The unexpected effectiveness of one-shot decompilation with Claude
LLMs as Decompilation and RE Tools
- Many commenters report strong results using Claude and other LLMs (especially with Ghidra/IDA) to:
- Clean up decompiled C, infer function purposes, and identify assembly tricks.
- Comment JIT output or highly optimized/minified code, and compare compiler outputs.
- Gemini is noted as also good at assembly and bytecode-level tasks; Codex is seen as more tuned for mainstream dev work.
Workflows, Heuristics, and Tooling
- The post’s “headless loop + heuristics + compiler match” approach is praised as a concrete, useful pattern.
- Key techniques:
- Work function-by-function when possible; whole-file input is sometimes needed when registers are reused unpredictably.
- Use a “give up after N attempts” heuristic to cap wasted tokens.
- Exploit large context windows to analyze wide code regions and trace flows.
- Some want more structured, step‑by‑step tutorials and tighter grammars for valid C, but others say simple “compile + feed errors back” loops are enough.
Limits, Complexity, and Non‑Expert Use
- Commenters warn that one‑shot reverse engineering for non‑experts is still weak; you must give the model tight constraints, goals, and validation.
- LLMs often misestimate task difficulty and duration—both over‑ and under‑shooting.
- There’s debate over what “one‑shot” means (single prompt vs single example vs non-interactive loop).
Documentation and Developer Workflow
- Many see LLMs as excellent for generating “how it works” docs, translating and synthesizing sparse or foreign‑language documentation.
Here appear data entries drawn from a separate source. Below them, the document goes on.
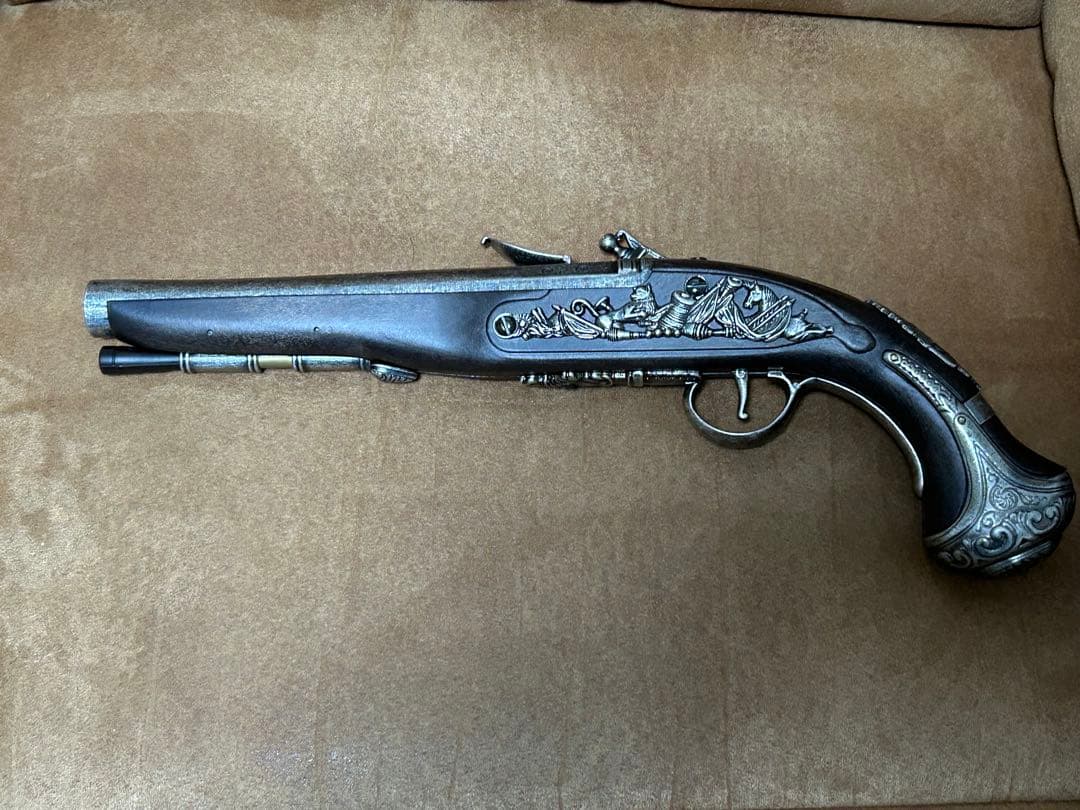 美品 動作確認済みKTW フリントロックピストル　エアコッキング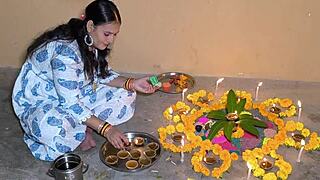 Troia asiatica succhia cazzo grosso per sborra disordinata in bocca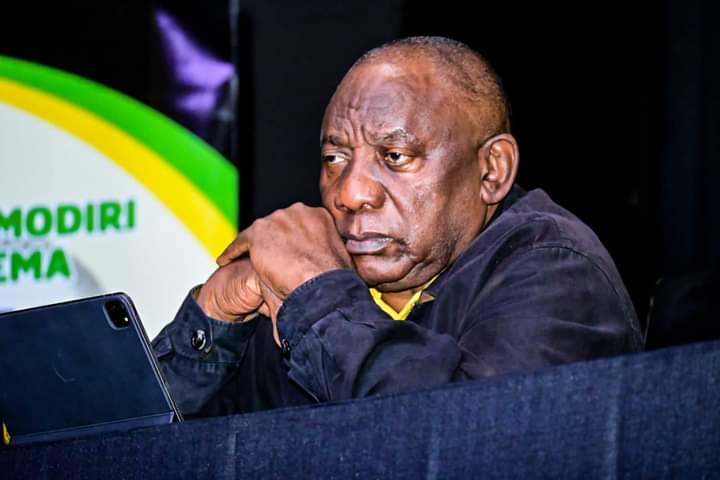 Ayanda_Mredlana's tweet photo. BREAKING NEWS: South Africa will be removed by BRICS partners. The BRICS summit will no longer take place in South Africa. This is due to Cyril Ramaphosa double standard with the WEST or NATO. https://t.co/nrm0sdIlAp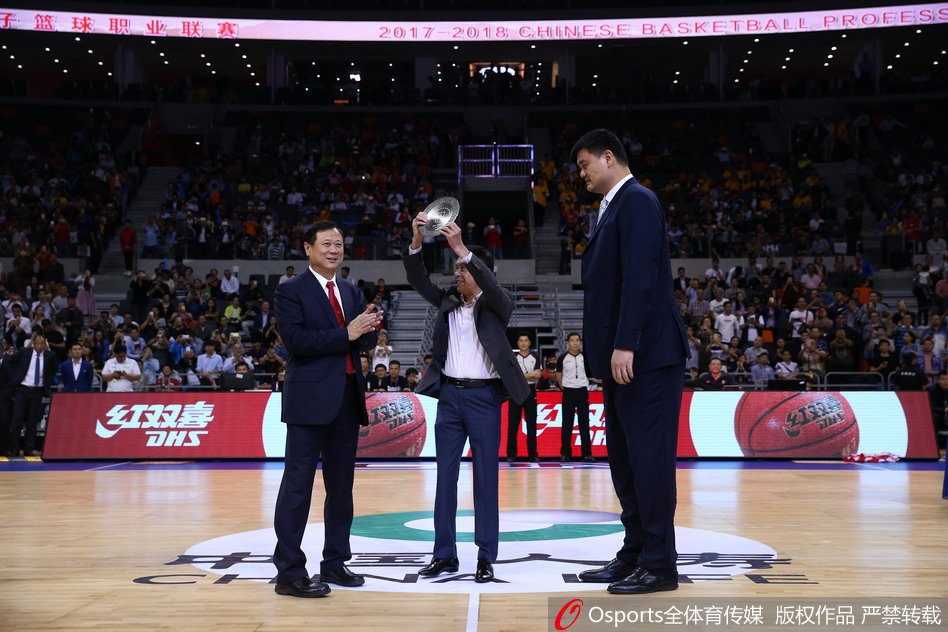 奖章静静地摆放在颁奖台上，金色的光泽映照着广东宏远的辉煌历史，这座奖杯背后是林叔二十多年来对篮球最纯粹的热爱与坚持。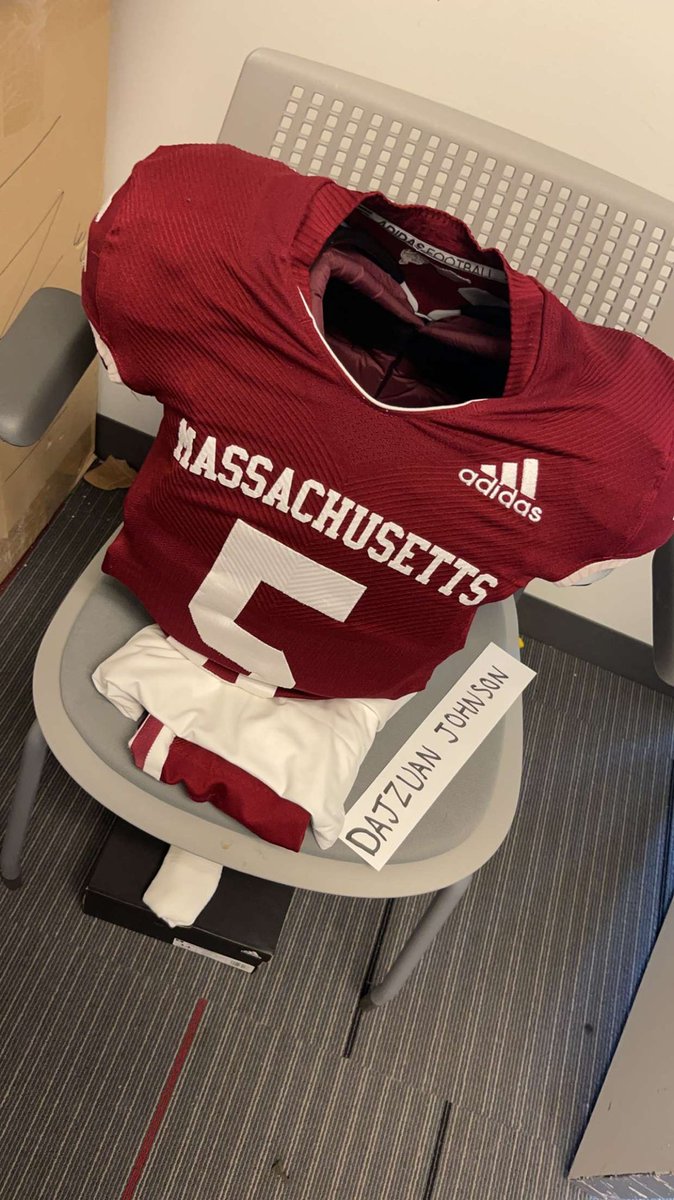 dajzuann's tweet image. Enjoy a great visit today @UMassFootball loved the intensity of the practice. @ValdamarTBrower @CoachWNickESA @isiah_tolbert @aefeit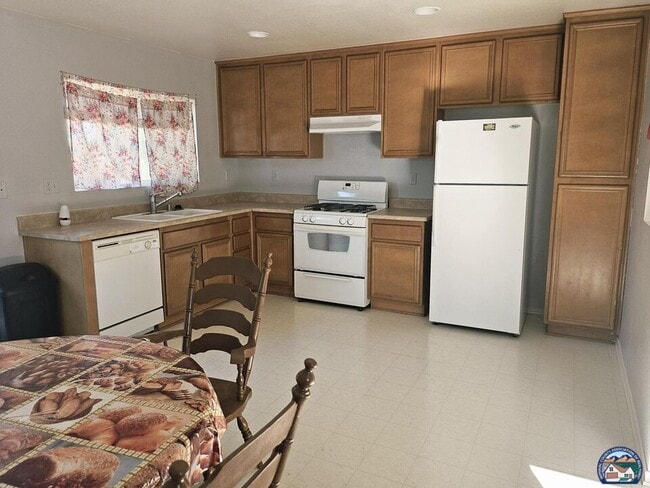 Photo - 1481 Rodeo Dr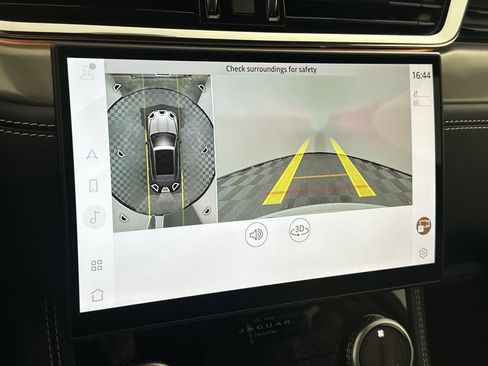 Used 2026 Jaguar F-PACE R-Dynamic S image 25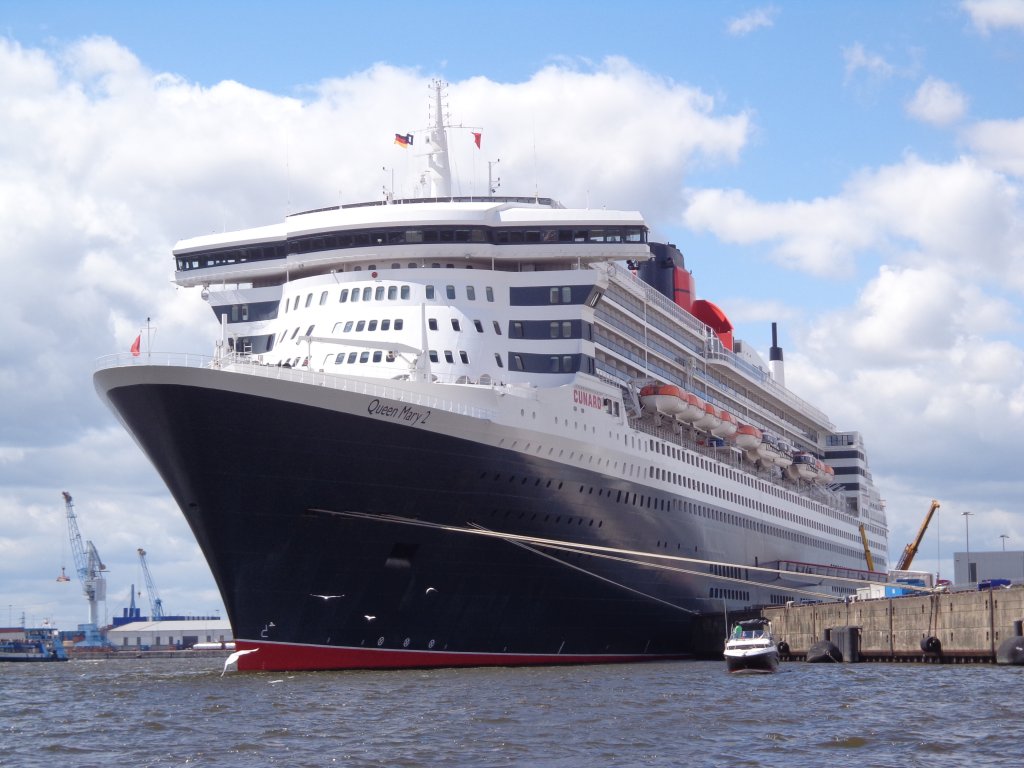 Die Queen Mary 2 am 15.7.12 am Cruise Center Hafen City in Hamburg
- Skepticism about auto‑invented rationales (“why it’s this way”); human review is desired.
- Some argue LLMs reduce the need for human docs; others frame docs as an “error-correcting code” to detect mismatches between intent and implementation.
Legal, Licensing, and Privacy Concerns
- Strong thread on distinctions between “open source” vs “source available” and how decompilations are derivative works with their own, but constrained, licensing.
- Clean‑room reverse engineering is contrasted with distributing decompiled code.
- Several raise concerns about uploading copyrighted binaries to cloud LLMs: potential evidence trails, DMCA/fair‑use ambiguity, and jurisdictional risks.
Decompilation, Obfuscation, and the Future of Software
- Some speculate that near‑trivial decompilation could make most binaries effectively “source available,” provoking shifts to cloud‑only or hardware‑locked distribution.
- Others expect counter‑moves: LLM‑assisted obfuscation or exotic schemes (e.g., homomorphic VMs) to make analysis harder.
- There’s disagreement on timelines: some think “everything decompilable” is far off; others see it as inevitable and beneficial for preservation.
Game Preservation and Retro Computing
- Multiple examples of LLM‑assisted ports and analysis: classic BIOSes, Prince of Persia on Apple II, and older PC/console games.
- Matching original binaries requires reconstructing old toolchains and flags; flakiness and inter‑function dependencies often prevent 100% exact matches, but “99%+ matching, 100% functional” is common.